Having issues using VLANs and what ROON does to find the server. Roon Nucleus and all devices that play are on IoT (VLAN20) and all of the access devices (iPhones, iPad, PC) are on VLAN10. I have setup a firewall rule that any device on VLAN10 can talk to VLAN20 and take return traffic. MDNS is active. Roon can’t be found unless I get on the IoT wifi where it works fine. Once the server has been found, I can change back to VLAN10 and Roon works fine until the Nucleus software is updated or the device on VLAN10 is restarted and the server has to be discovered again.

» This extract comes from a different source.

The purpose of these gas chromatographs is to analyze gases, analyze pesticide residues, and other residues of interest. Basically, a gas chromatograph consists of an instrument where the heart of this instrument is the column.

This implies that either 1) the remotes don’t look off the current subnet for the Nucleus or 2) the Nucleus is sending something back that’s not permitted through the firewall. The firewall rule allows all traffic from VLAN10 to VLAN20 and replies but no traffic originated on VLAN20 to get to VLAN10. The second scenario is easy to fix as it just requires some allowed communication from the Nucleus through the firewall which I hope someone here knows the solution.

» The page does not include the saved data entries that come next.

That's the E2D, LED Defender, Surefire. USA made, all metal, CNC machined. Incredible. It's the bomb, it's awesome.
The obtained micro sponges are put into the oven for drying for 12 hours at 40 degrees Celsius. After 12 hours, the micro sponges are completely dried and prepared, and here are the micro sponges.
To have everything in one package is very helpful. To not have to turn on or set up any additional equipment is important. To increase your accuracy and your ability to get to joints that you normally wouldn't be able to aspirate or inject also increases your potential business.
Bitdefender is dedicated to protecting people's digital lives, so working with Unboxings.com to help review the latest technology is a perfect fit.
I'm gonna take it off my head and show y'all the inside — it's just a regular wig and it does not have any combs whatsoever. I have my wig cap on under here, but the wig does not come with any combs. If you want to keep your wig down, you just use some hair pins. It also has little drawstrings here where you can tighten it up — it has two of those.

As an aside I don’t have this issue with Control4, BluOS, Nest, Alarm system, Garage control, etc or with player discovery all of which are on VLAN20 and can take commands from VLAN10. Only Roon app has this problem.

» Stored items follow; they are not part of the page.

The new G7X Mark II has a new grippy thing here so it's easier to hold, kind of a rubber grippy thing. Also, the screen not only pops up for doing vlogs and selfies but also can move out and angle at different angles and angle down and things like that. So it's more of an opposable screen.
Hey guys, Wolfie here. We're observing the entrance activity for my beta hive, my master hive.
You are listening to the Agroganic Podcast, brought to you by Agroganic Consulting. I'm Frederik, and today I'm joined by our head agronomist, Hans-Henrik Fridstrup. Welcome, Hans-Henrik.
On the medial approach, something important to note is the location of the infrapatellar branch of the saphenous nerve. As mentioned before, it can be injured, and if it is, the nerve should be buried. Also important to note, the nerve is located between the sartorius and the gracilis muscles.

I have been all over the Tinkering section and there is some really interesting technical stuff mostly related to VPN’s not VLAN’s. This should be a really easy problem to be avoided with many of us (that aren’t network engineers) setting up IoT networks for security reasons.
Hardware: Running Unifi UDM pro, Unifi switches and AP behind Fiber connection to internet.
@MikeW
Mike I suspect its because you dont have the necessary multicast routing solution in place so that SSDP discovery packets get passed between your VLANS. MDNS wont do that. I’ve used SMCRoute in the past but dont know the Unifi UDM pro but maybe it has something similar.
This is a classic Discovery vs. Routing issue. It is very common with Roon (and Sonos) when devices are placed on separate VLANs.
What you are seeing is expected behavior when multicast discovery is partially blocked.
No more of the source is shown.